▸ ABOUT THIS EXERCISE: All pictures are to be omitted while the lines starting at the line with "Rybářské prsačky Prologic" and ending at the line with "TBI and Employment" in the material below are retyped exactly, both ends included.

▸ ENTRIES SUPPLIED:
◇ ◇ ◇ ◇ ◇

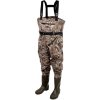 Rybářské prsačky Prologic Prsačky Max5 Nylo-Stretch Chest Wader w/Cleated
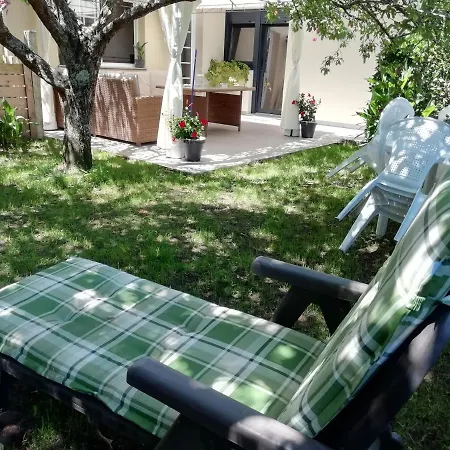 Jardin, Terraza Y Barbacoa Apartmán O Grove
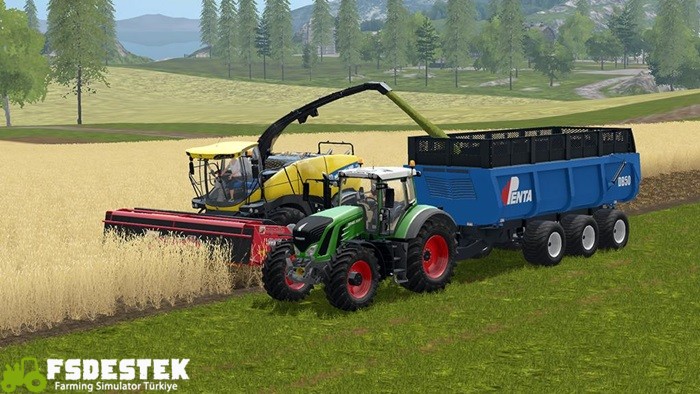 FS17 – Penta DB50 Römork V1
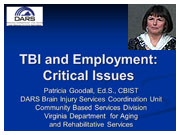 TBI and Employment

◇ ◇ ◇ ◇ ◇

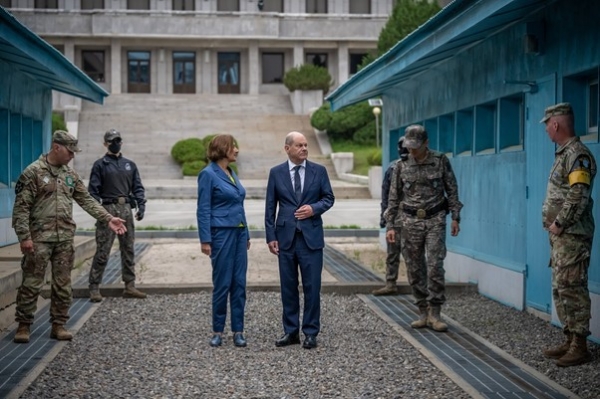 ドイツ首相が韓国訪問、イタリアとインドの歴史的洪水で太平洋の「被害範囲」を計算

◇ ◇ ◇ ◇ ◇

▸ ANSWER FOR THE TASK:
 Rybářské prsačky Prologic Prsačky Max5 Nylo-Stretch Chest Wader w/Cleated
 Jardin, Terraza Y Barbacoa Apartmán O Grove
 FS17 – Penta DB50 Römork V1
 TBI and Employment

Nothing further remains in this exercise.